(Source: Business Wire)

U.S. Global Investors, Inc. (NASDAQ: GROW), a boutique registered investment advisory firm specializing in natural resources and emerging markets, today reported results for the quarter and fiscal year ended June 30, 2009.
The company has scheduled a webcast for 10 a.m. Central time on Friday, September 11, 2009, to discuss the company's key financial results for the quarter. Frank Holmes, chief executive officer and chief investment officer, will be accompanied on the webcast by Susan McGee, president and general counsel, and Catherine Rademacher, chief financial officer.
In the fourth quarter of fiscal 2009, U.S. Global recorded net income of $1.0 million, or 6 cents per diluted share, on revenue of $6.5 million. This compares to net income of $0.3 million, or 2 cents per diluted share, on revenue of $5.0 million in the quarter ended March 31, 2009, and net income of $3.8 million, or 25 cents per diluted share, on revenue of $17.0 million in the quarter ended June 30, 2008.
"Our fiscal year 2009 can be divided into two parts -- nine months of global liquidation due to the banking crisis that accelerated a worldwide recession, followed by three months of healthy rebound in emerging markets and natural resources," says Mr. Holmes. "Most important is the sequential quarterly rebound in assets that had a positive impact on our earnings from operations and corporate investments. In our final quarter of the fiscal year, revenue was up 30 percent from the third quarter and our net income nearly tripled.
"After such a massive global liquidation and its accompanying damage, it will take time to see asset levels return to where they were a year ago," Mr. Holmes continues. "That said, emerging markets and natural resources should reflect stronger growth compared to other sectors due to government policies in emerging economies and their higher GDP growth rates. Most consumers in emerging economies are not saddled with the same debt burdens that are proving so difficult for people in developed nations -- emerging markets still largely operate on a cash-to-play basis rather than a credit-to play basis.
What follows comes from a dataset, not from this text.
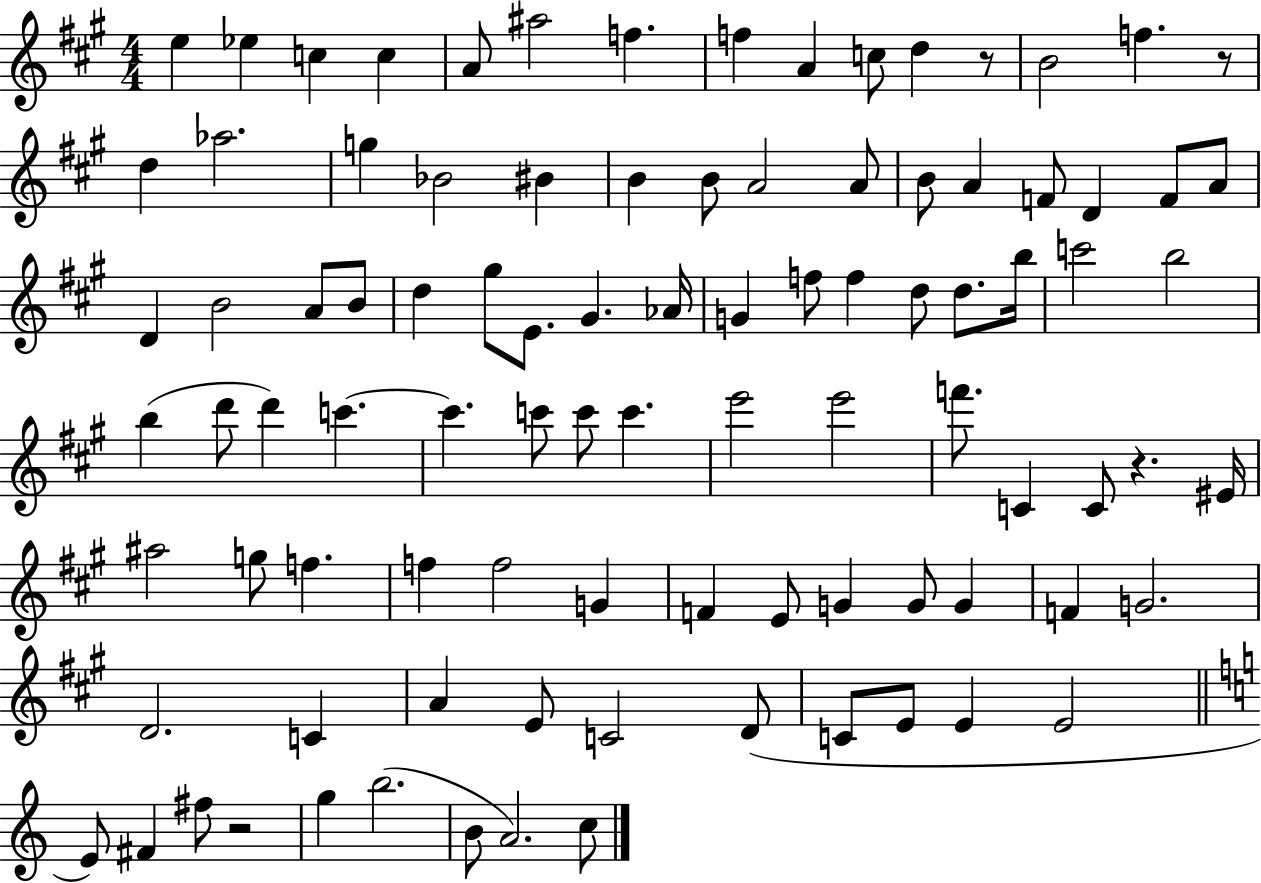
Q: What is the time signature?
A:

"U.S. Global has survived one of the greatest credit crises of the past century in better shape than many other financial companies," Mr. Holmes says. "Our balance sheets remain healthy with cash and investments, and we have no corporate debt. In addition, much of our compensation is aligned with asset levels and performance, so our cost structure is elastic."
For fiscal year 2009, U.S. Global reported a net loss of $2.2 million, or 15 cents per share, on revenue of $23.1 million.